MENACE. Pour le président sénégalais, son pays et d’autres d’Afrique de l’Ouest devraient se préparer à affronter une poussée djihadiste et exclure tout dialogue.
« Que ce soit le Sénégal ou les autres pays côtiers, qui sont le dernier rempart, il faut qu’on se prépare à rentrer dans la bataille », a alerté le président sénégalais Macky Sall dans un récent entretien accordé à Radio France Internationale. Voilà pourquoi : le renseignement français a récemment diffusé la vidéo d’une réunion entre les chefs d’Al-Qaïda au Sahel, prévenant contre « leur projet d’expansion vers les pays du golfe de Guinée ». Une menace connue de longue date des pays de la région. En juin 2020, un poste de contrôle du nord de la Côte d’Ivoire, frontalier du Burkina Faso, a été visé par une attaque similaire aux actions djihadistes sahéliennes : 14 soldats ont été tués.
La menace s’amplifie jusqu’au Sénégal
Face à des ennemis qui ne désarment pas, Macky Sall prône une attitude vigoureuse, avec un refus de dialoguer avec eux et un renforcement du mandat de la mission de l’ONU au Mali. Le Sénégal, volontiers considéré comme un îlot de stabilité, suit de longue date avec la plus grande attention la situation à ses frontières avec la Mauritanie au nord et le Mali à l’est, épicentre des violences djihadistes qui se propagent à travers le Sahel. Illustration : la justice sénégalaise a inculpé et écroué en février quatre hommes arrêtés dans une ville frontalière du Mali et présentés par la presse comme membres d’une cellule de soutien à un des principaux groupes djihadistes du prédicateur malien Amadou Koufa, opérant au Mali, affilié à Al-Qaïda. Autre fait important, le côté malien de la frontière commune a été pour la première fois le théâtre d’attaques djihadistes en 2020. Enfin, un rapport publié le 3 février par le Conseil de sécurité de l’ONU souligne que « des éléments du GSIM, soutenus par des influenceurs islamistes radicaux, se sont implantés au Sénégal », notamment sur l’axe Bamako-Dakar et dans l’est du pays. Interrogé sur sa crainte d’une contagion, le président Sall, s’exprimant pour la première fois publiquement sur cette cellule, a répondu : « Oui, nécessairement. » « Leur objectif, c’est d’atteindre l’océan Atlantique », a-t-il ajouté.
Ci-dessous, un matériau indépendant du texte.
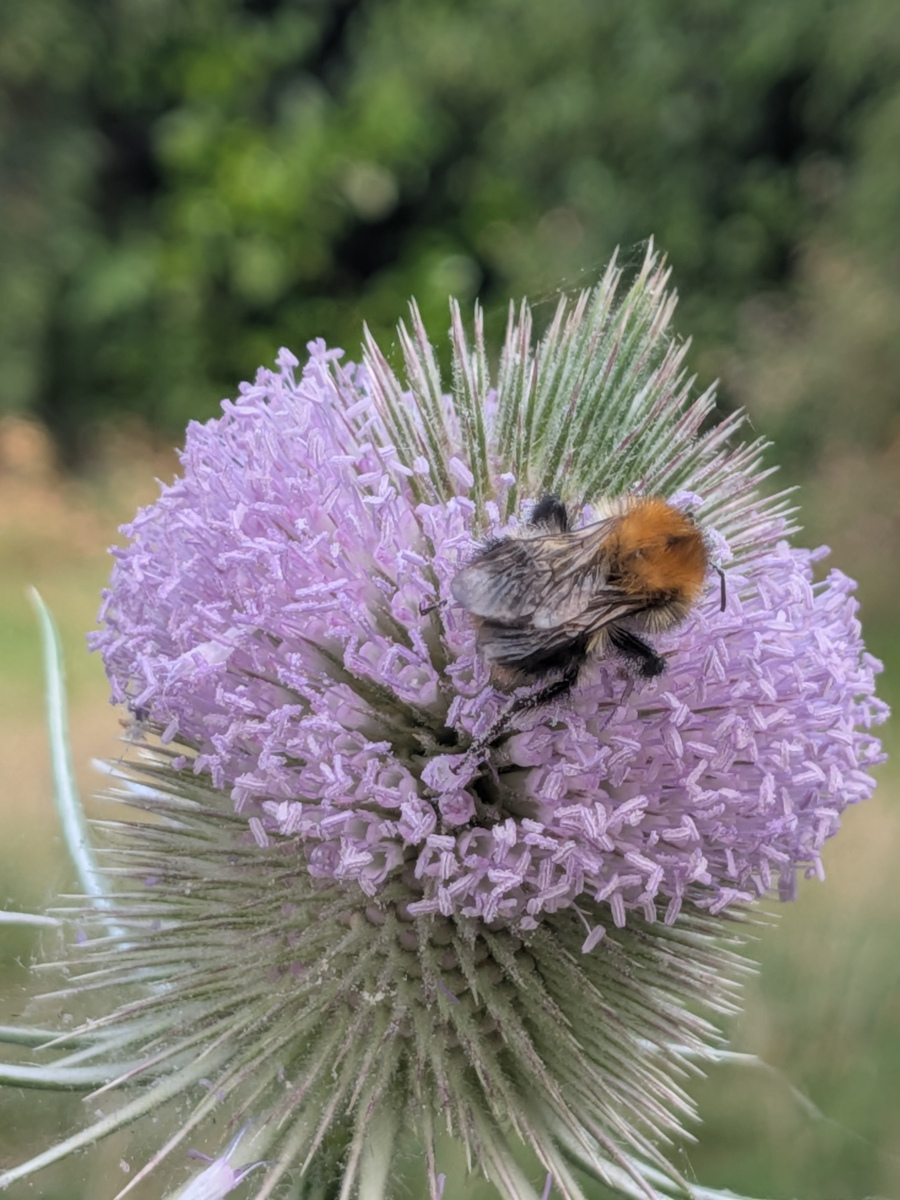 Bumblebee on a teasel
Pas de dialogue avec les djihadistes
Mais là où le président sénégalais marque sa différence, c’est sur la question de l’épineux dialogue avec les djihadistes. Alors que les nouvelles autorités maliennes persistent dans le projet de dialoguer avec certains djihadistes, que le débat a cours aussi chez le voisin burkinabè et qu’au contraire le président français Emmanuel Macron vient d’affirmer la volonté de « décapiter » les organisations affiliées à Al-Qaïda au Sahel, le président Macky Sall dit être « contre une discussion avec les terroristes ».
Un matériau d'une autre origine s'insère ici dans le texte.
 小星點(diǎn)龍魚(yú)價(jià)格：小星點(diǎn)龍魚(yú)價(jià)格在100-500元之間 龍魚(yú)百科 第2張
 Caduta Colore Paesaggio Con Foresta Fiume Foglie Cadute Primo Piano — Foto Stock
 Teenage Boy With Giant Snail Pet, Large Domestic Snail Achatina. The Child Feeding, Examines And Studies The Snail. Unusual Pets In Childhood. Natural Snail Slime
Le Sénégal est aussi l’un des principaux contributeurs en personnel à la mission de l’ONU au Mali (Minusma). Macky Sall préconise, comme d’autres dirigeants africains, que la Minusma, pour une mission plus offensive, soit placée sous le chapitre 7 de la charte des Nations unies, qui permet le recours à la force en cas de menace contre la paix ou d’acte d’agression. « Vous maintenez la paix quand il y a une paix à maintenir; quand vous faites face à des djihadistes, à des terroristes, il n’y a pas de paix à maintenir, il faut lutter contre », dit-il.